(INSTRUCTIONS FOR THE TASK)
The expected response is the full listing, retyped exactly, without its images.

(ENTRIES SHOWN)

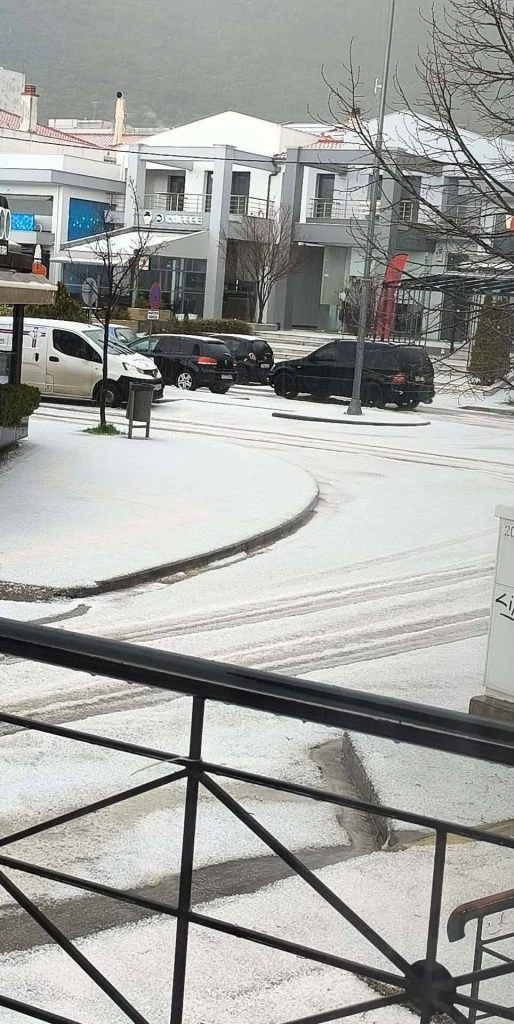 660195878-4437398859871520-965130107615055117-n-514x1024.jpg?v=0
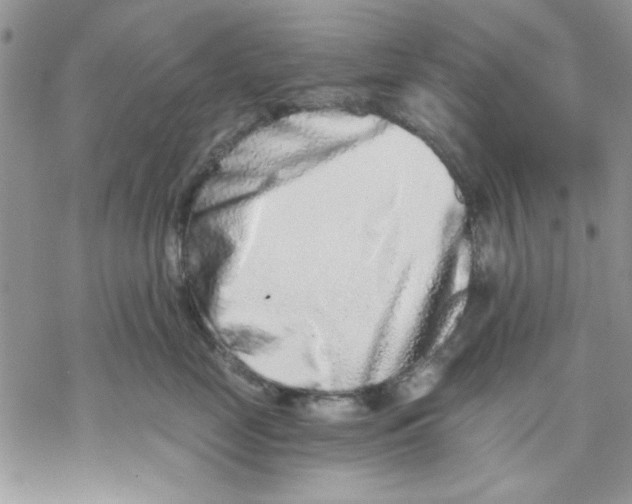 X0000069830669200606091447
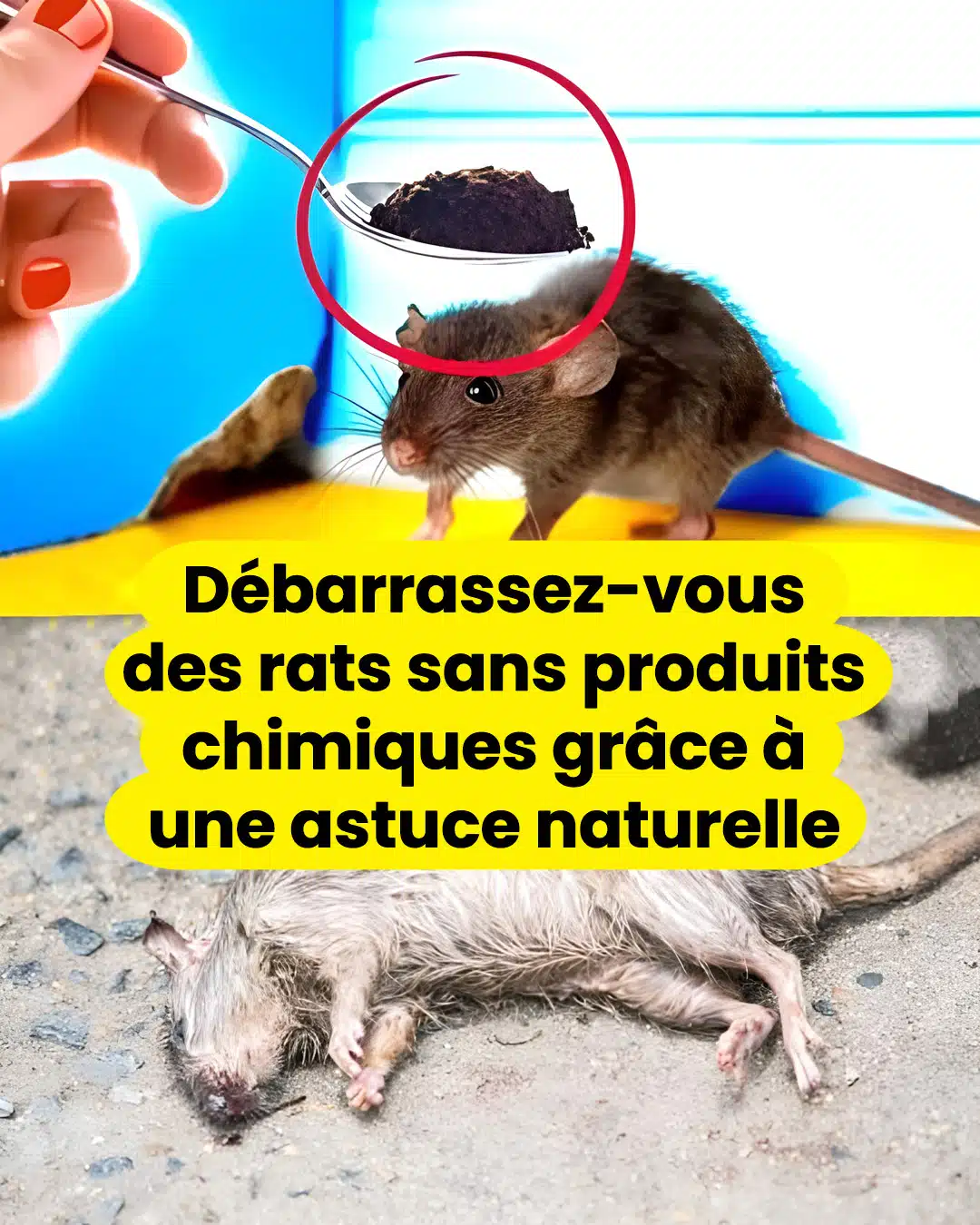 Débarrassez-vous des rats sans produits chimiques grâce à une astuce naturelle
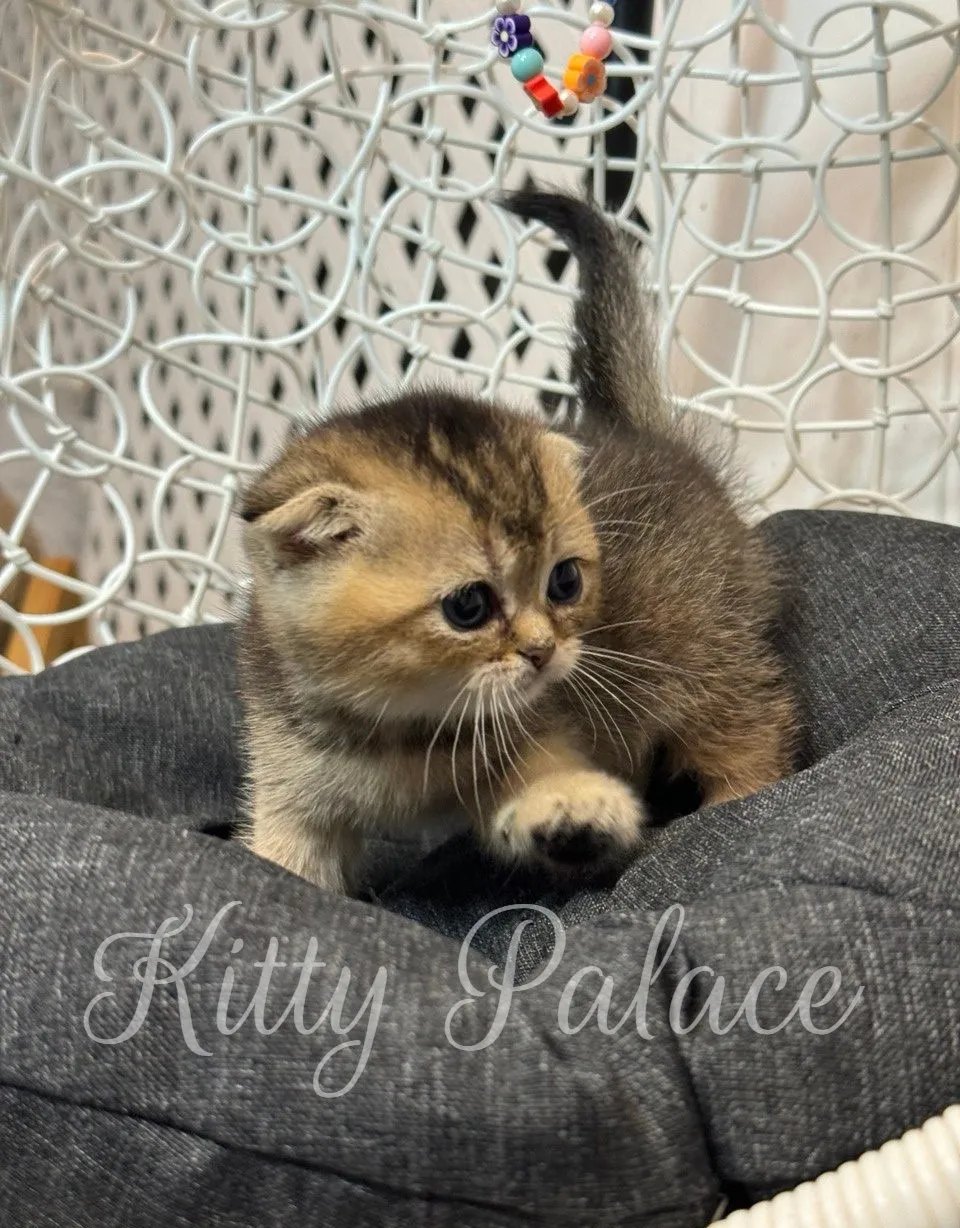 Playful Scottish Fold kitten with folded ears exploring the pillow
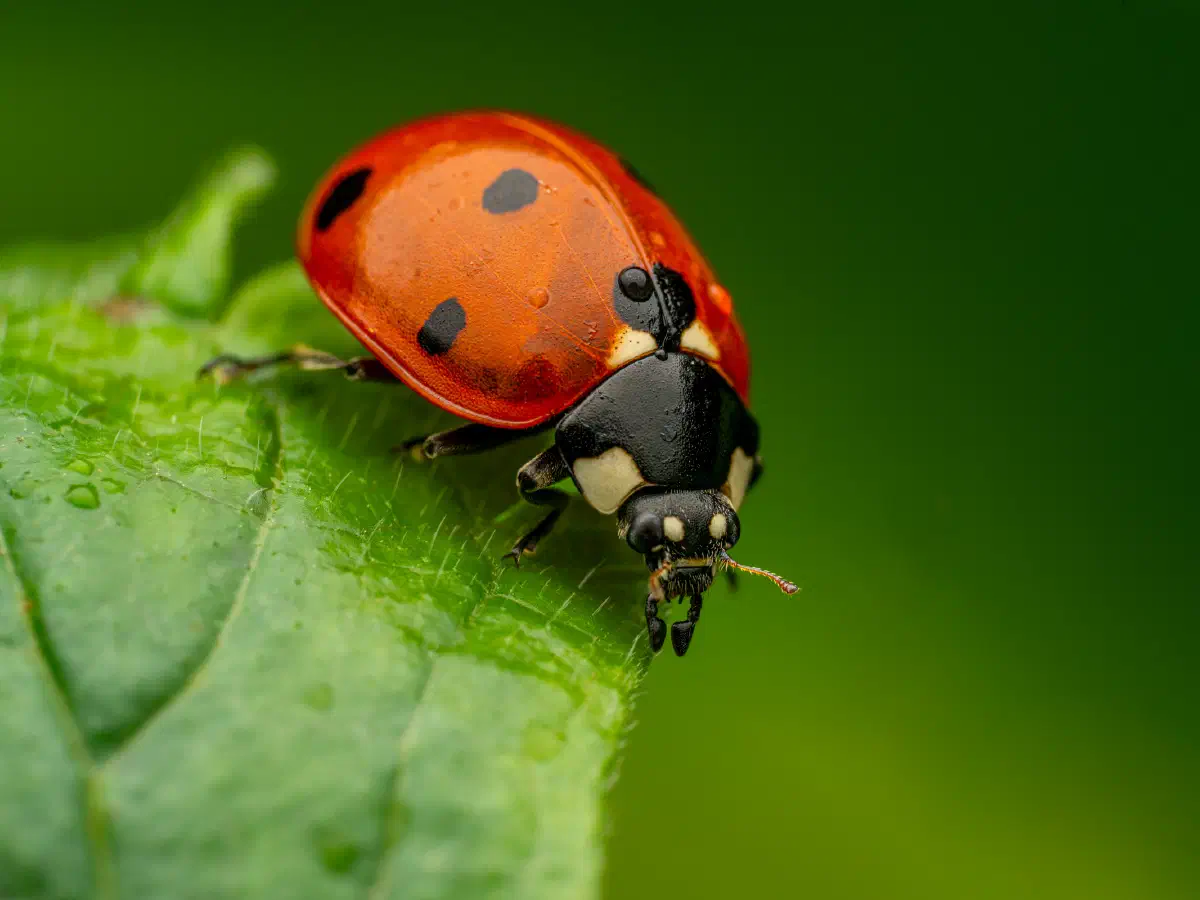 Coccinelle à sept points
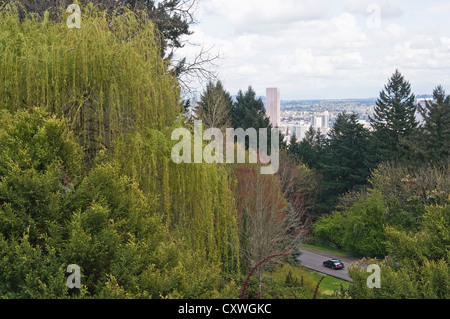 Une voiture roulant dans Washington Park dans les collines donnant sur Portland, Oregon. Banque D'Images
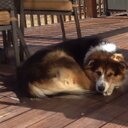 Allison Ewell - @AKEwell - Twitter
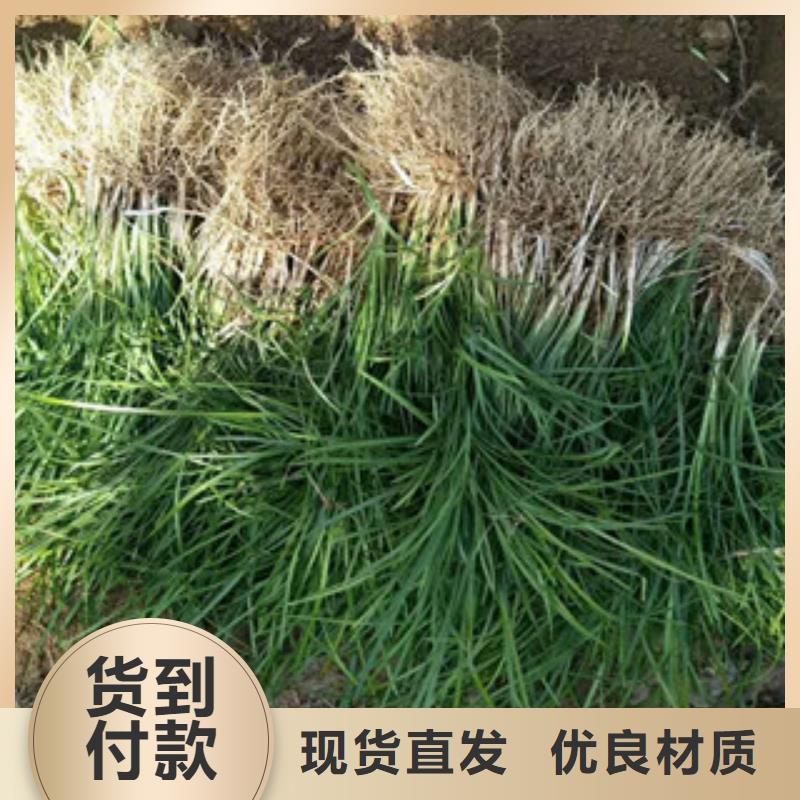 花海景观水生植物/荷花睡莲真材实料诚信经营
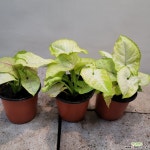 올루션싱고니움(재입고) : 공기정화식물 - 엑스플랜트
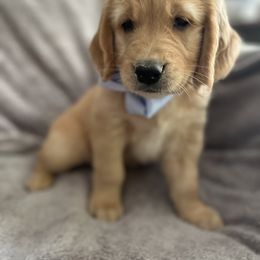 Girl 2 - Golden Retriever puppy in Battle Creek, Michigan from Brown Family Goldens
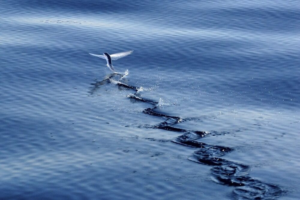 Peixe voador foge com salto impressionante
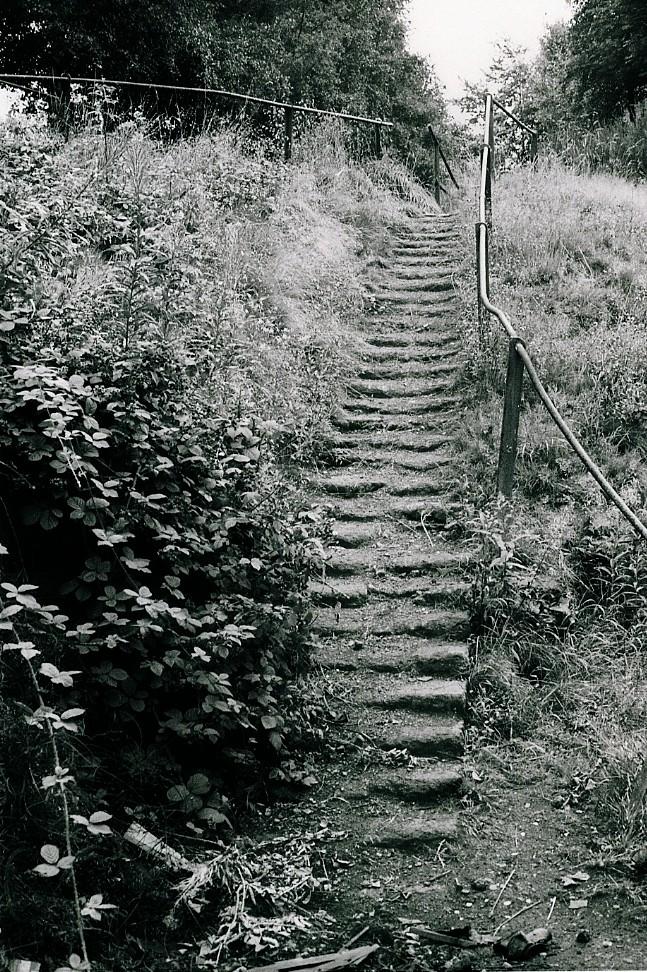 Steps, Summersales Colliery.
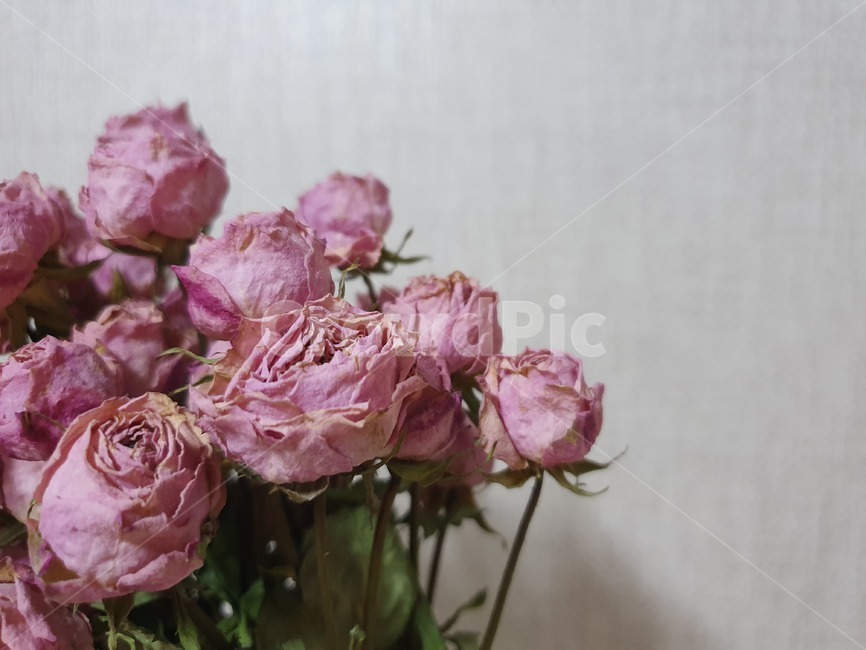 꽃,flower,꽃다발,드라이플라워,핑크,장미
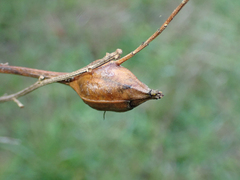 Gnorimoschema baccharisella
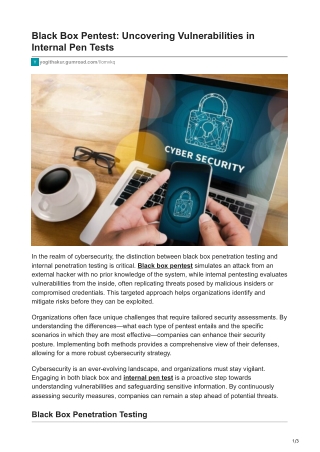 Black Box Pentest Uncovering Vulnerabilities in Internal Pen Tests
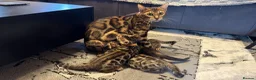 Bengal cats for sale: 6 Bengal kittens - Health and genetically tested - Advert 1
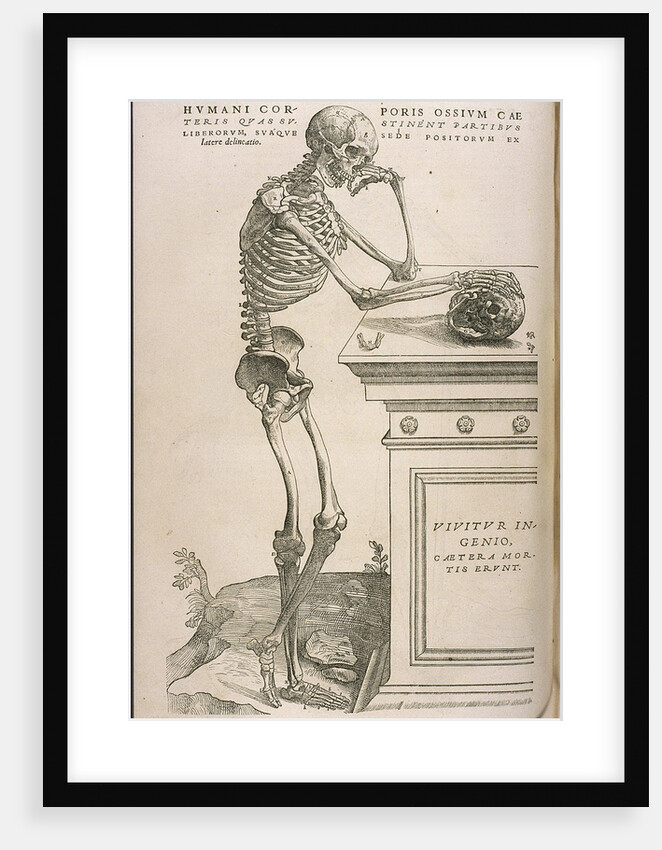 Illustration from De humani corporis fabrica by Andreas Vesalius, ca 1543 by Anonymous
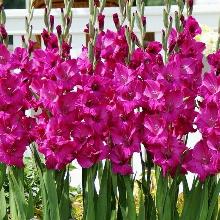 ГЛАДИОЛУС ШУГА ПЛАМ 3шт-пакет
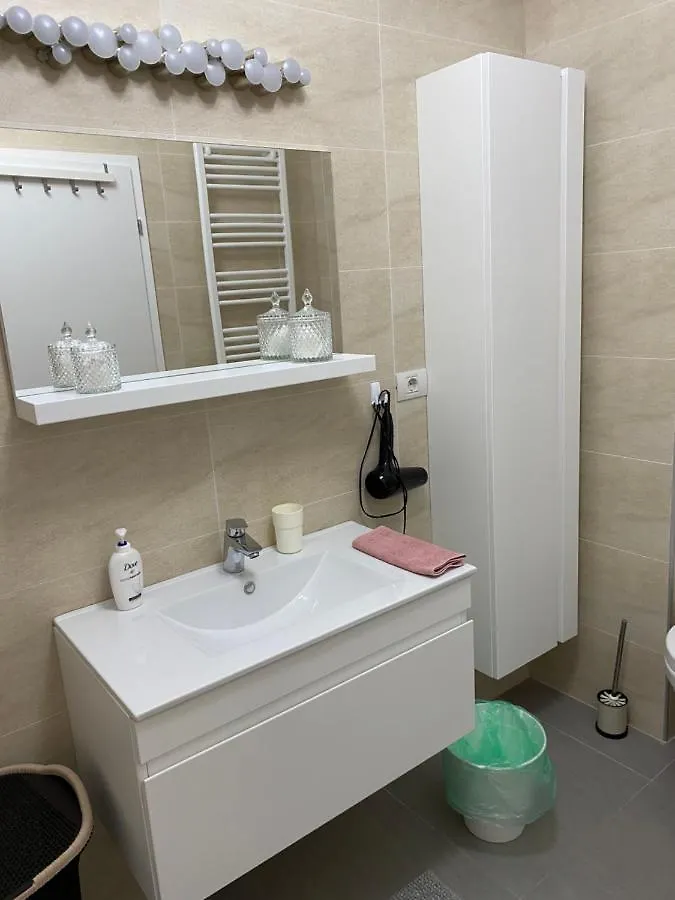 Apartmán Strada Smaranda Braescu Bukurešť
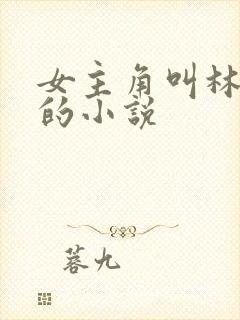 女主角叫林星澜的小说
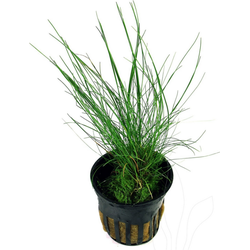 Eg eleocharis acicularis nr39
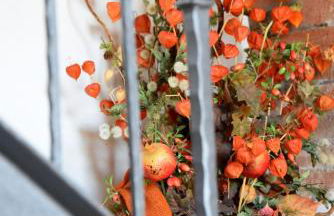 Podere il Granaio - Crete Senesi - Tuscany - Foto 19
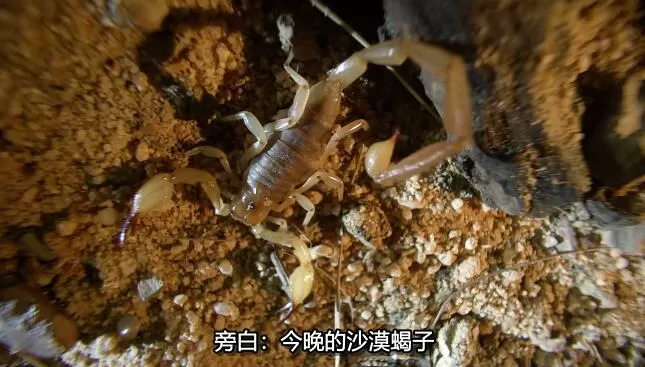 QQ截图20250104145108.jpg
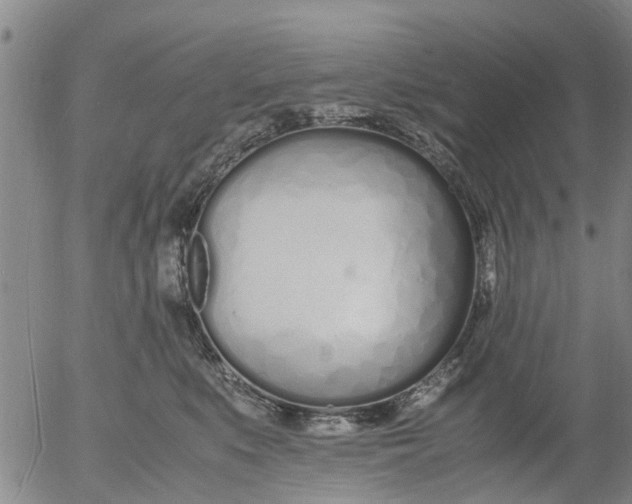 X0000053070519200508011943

(WORKED SOLUTION)
 660195878-4437398859871520-965130107615055117-n-514x1024.jpg?v=0
 X0000069830669200606091447
 Débarrassez-vous des rats sans produits chimiques grâce à une astuce naturelle
 Playful Scottish Fold kitten with folded ears exploring the pillow
 Coccinelle à sept points
 Une voiture roulant dans Washington Park dans les collines donnant sur Portland, Oregon. Banque D'Images
 Allison Ewell - @AKEwell - Twitter
 花海景观水生植物/荷花睡莲真材实料诚信经营
 올루션싱고니움(재입고) : 공기정화식물 - 엑스플랜트
 Girl 2 - Golden Retriever puppy in Battle Creek, Michigan from Brown Family Goldens
 Peixe voador foge com salto impressionante
 Steps, Summersales Colliery.
 꽃,flower,꽃다발,드라이플라워,핑크,장미
 Gnorimoschema baccharisella
 Black Box Pentest Uncovering Vulnerabilities in Internal Pen Tests
 Bengal cats for sale: 6 Bengal kittens - Health and genetically tested - Advert 1
 Illustration from De humani corporis fabrica by Andreas Vesalius, ca 1543 by Anonymous
 ГЛАДИОЛУС ШУГА ПЛАМ 3шт-пакет
 Apartmán Strada Smaranda Braescu Bukurešť
 女主角叫林星澜的小说
 Eg eleocharis acicularis nr39
 Podere il Granaio - Crete Senesi - Tuscany - Foto 19
 QQ截图20250104145108.jpg
 X0000053070519200508011943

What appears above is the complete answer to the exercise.